Short web captions:
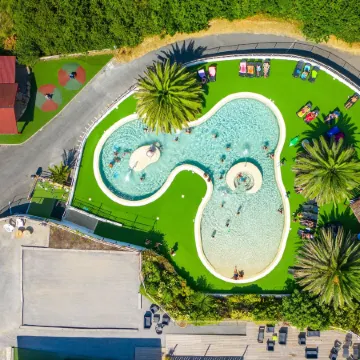 Camping Erreka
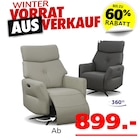 Roosevelt Sessel Angebote von Seats and Sofas bei Seats and Sofas Wermelskirchen für 899,00 €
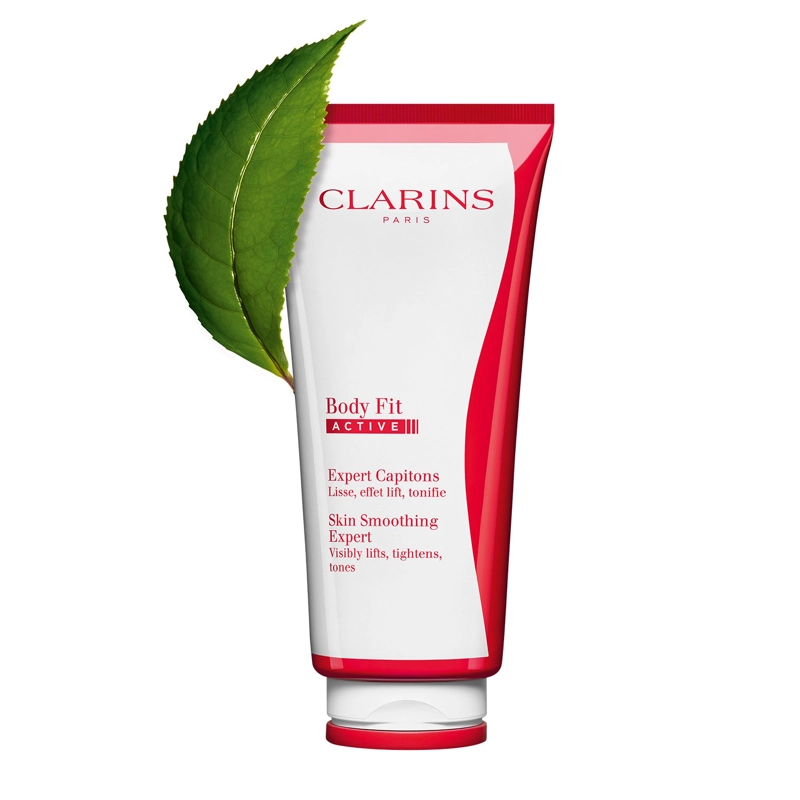 TRATAMIENTO CORPORAL CLARINS BODY FIT ACTIVE 200ML - 3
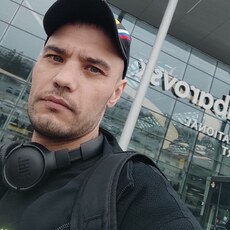 Фотография мужчины Василий, 38 лет из г. Хабаровск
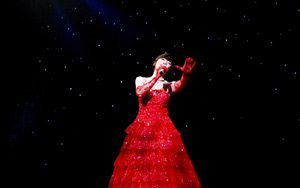 中日邦交正?；?0周年&ldquo;謝鳴之緣&rdquo;演唱會(huì)溫暖東京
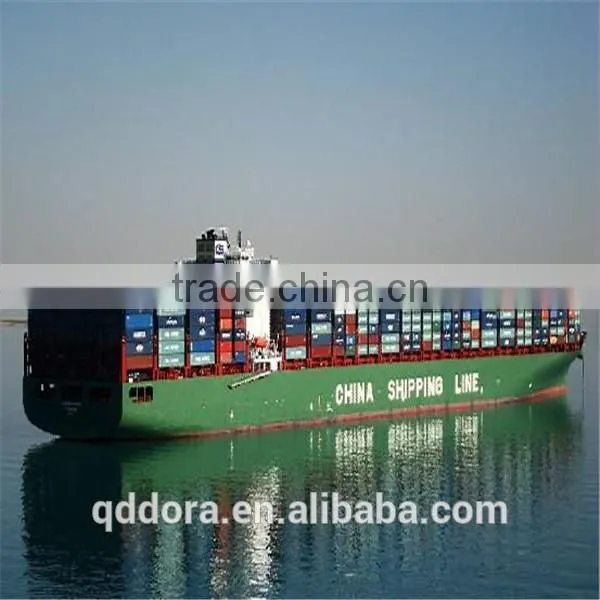 Competitive Cheap Shipping to South Ameria Port From Qingdao by Express,qingdao Shipping Company Low Price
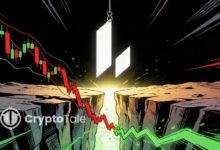 عملة لايتر (LIT) تبرد بعد ارتفاعها 14% أمس.. المتداولون يراقبون مستوى الدعم الحاسم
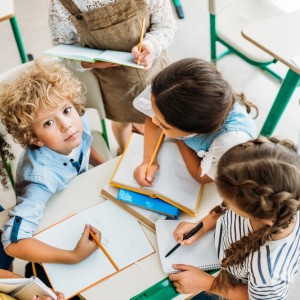 Edukacja wczesnoszkolna w Polsce - co warto o niej wiedzieć?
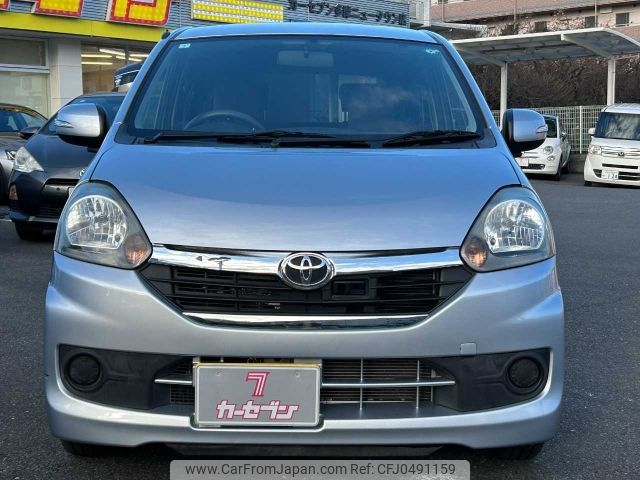 toyota pixis-epoch 2015 -TOYOTA--Pixis Epoch DBA-LA300A--LA300A-1034774---TOYOTA--Pixis Epoch DBA-LA300A--LA300A-1034774- image 2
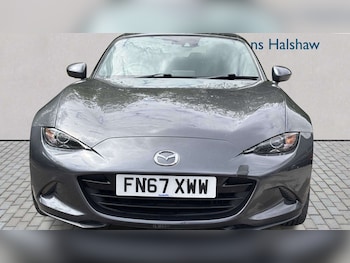 Used Mazda MX-5 2017 for sale - 78625613: Photo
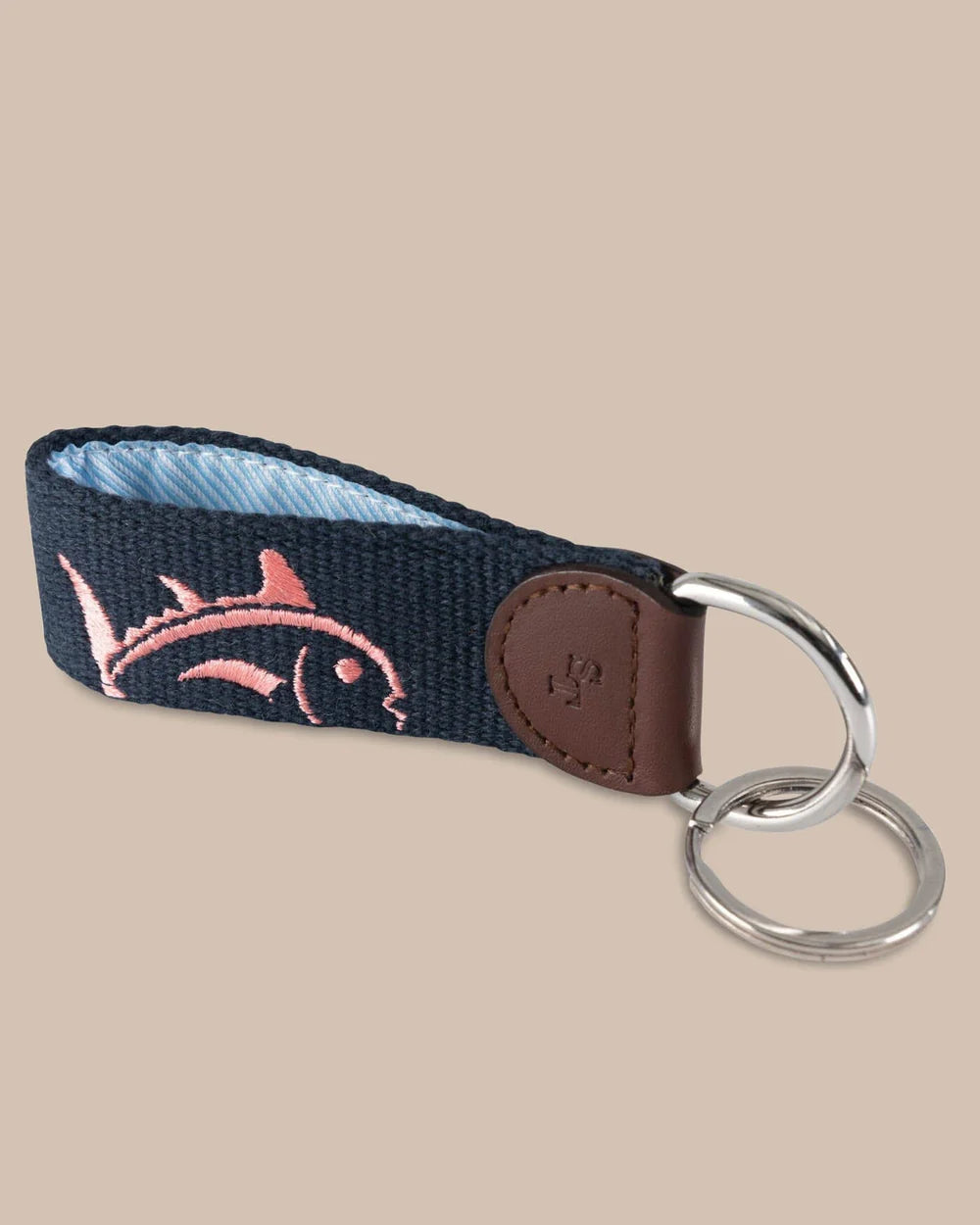 Southern Tide Keychain
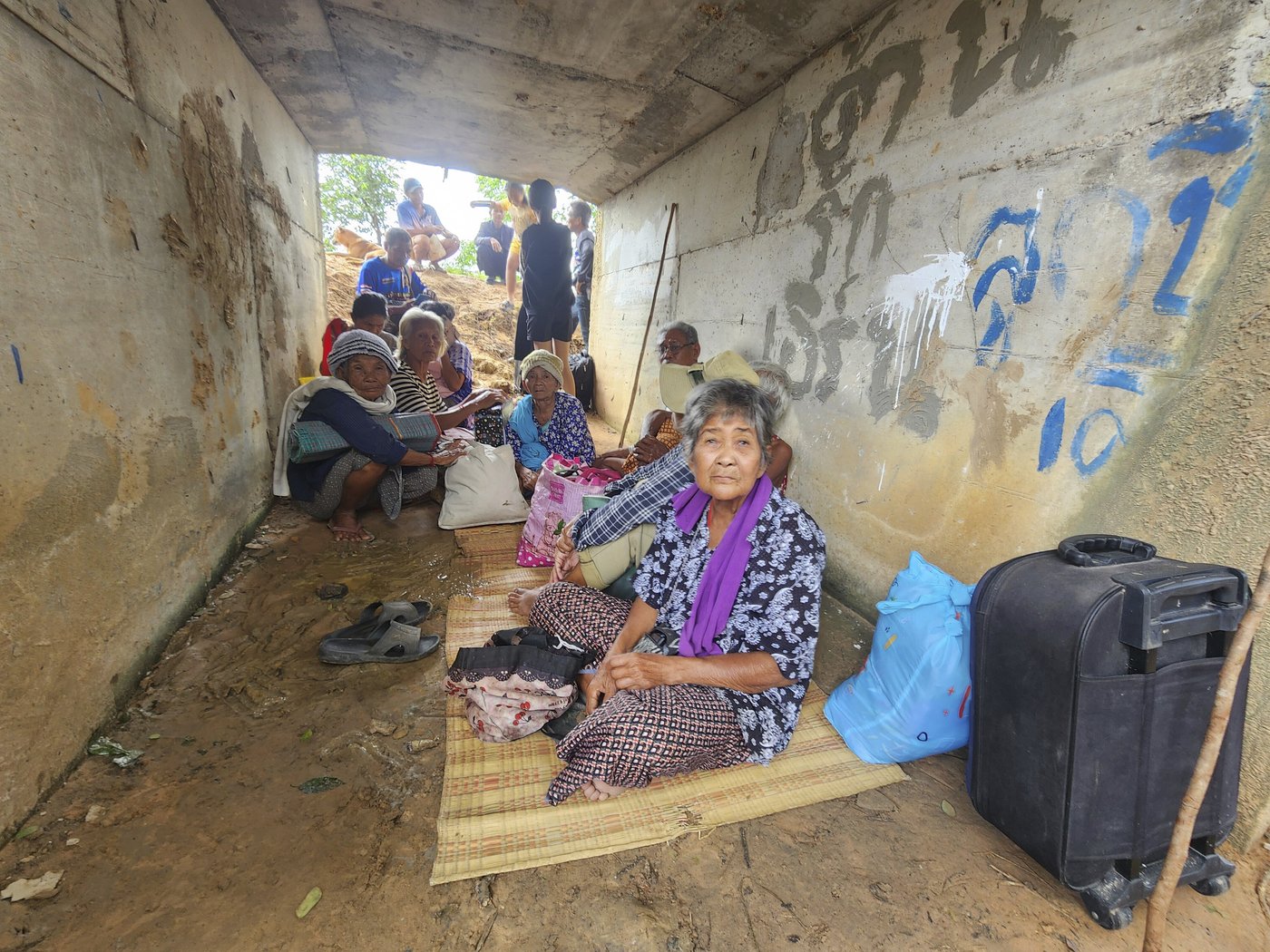 Thailand launches airstrikes on Cambodia as border clashes leave at least 14 dead | iNFOnews.ca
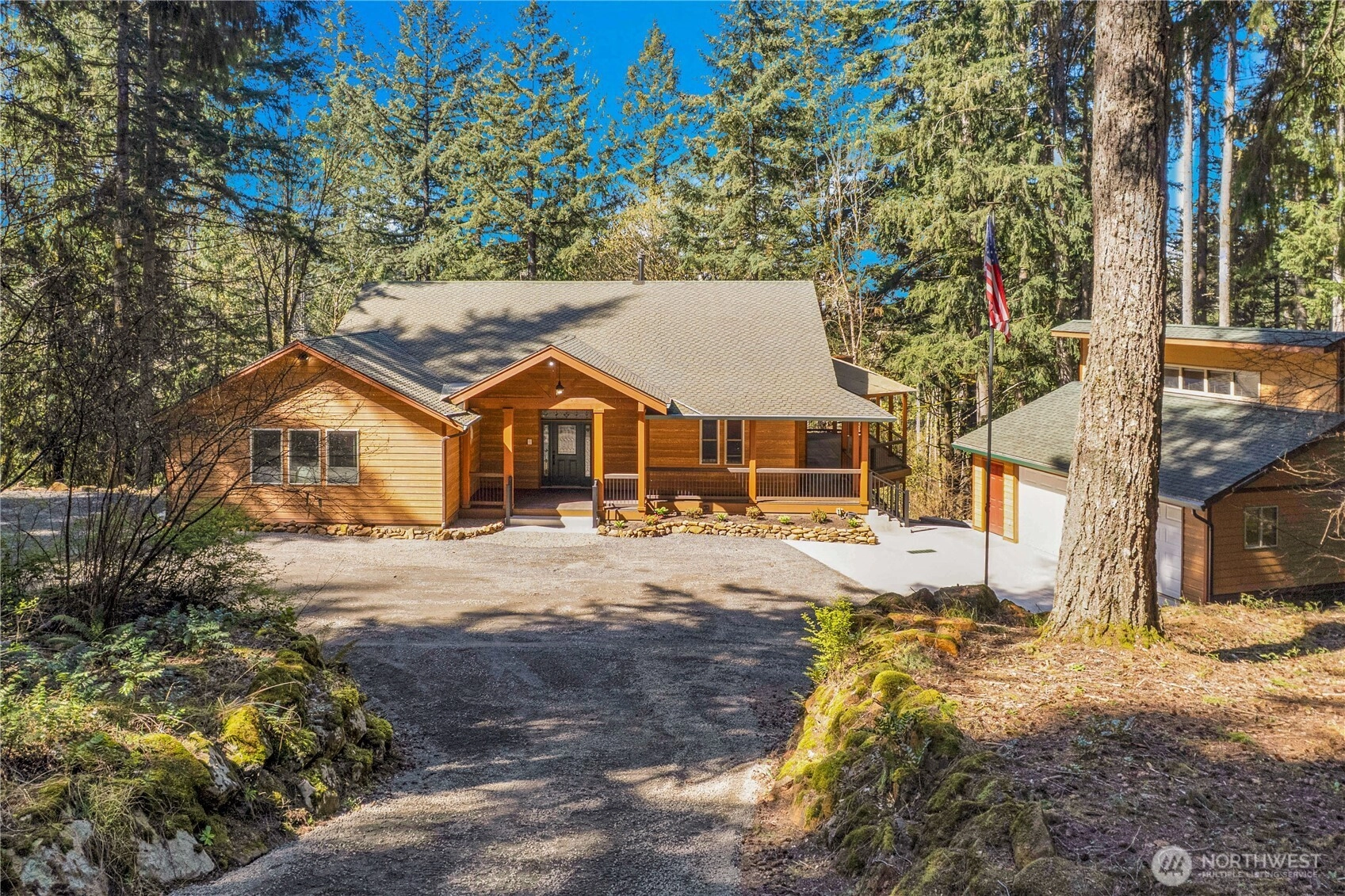 15308 Ne Bonanza Rd Brush Prairie WA 98606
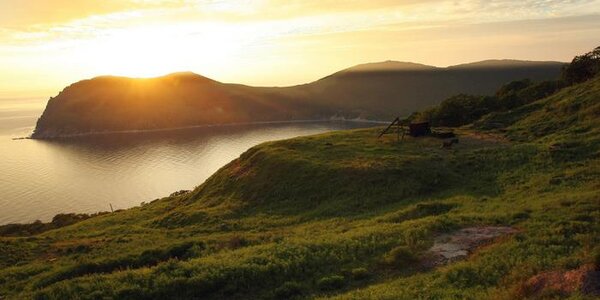 Антициклон обеспечит спокойную и без осадков погоду в Приморье в пятницу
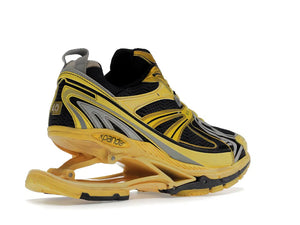 Balenciaga X-Pander Yellow Grey
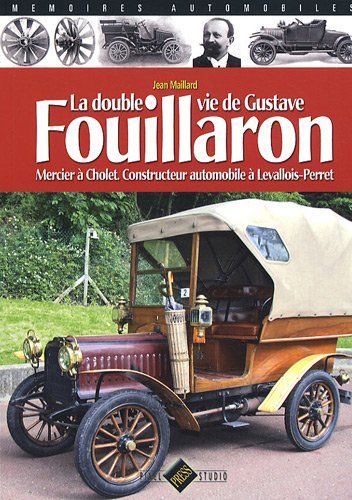 La  double vie de Gustave Fouillaron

■ Task directions ■
Copy exactly the lines that run from the one containing "عملة لايتر (LIT)" to the last line of the records, both included, and leave out every picture.

■ Result of the task ■
 عملة لايتر (LIT) تبرد بعد ارتفاعها 14% أمس.. المتداولون يراقبون مستوى الدعم الحاسم
 Edukacja wczesnoszkolna w Polsce - co warto o niej wiedzieć?
 toyota pixis-epoch 2015 -TOYOTA--Pixis Epoch DBA-LA300A--LA300A-1034774---TOYOTA--Pixis Epoch DBA-LA300A--LA300A-1034774- image 2
 Used Mazda MX-5 2017 for sale - 78625613: Photo
 Southern Tide Keychain
 Thailand launches airstrikes on Cambodia as border clashes leave at least 14 dead | iNFOnews.ca
 15308 Ne Bonanza Rd Brush Prairie WA 98606
 Антициклон обеспечит спокойную и без осадков погоду в Приморье в пятницу
 Balenciaga X-Pander Yellow Grey
 La  double vie de Gustave Fouillaron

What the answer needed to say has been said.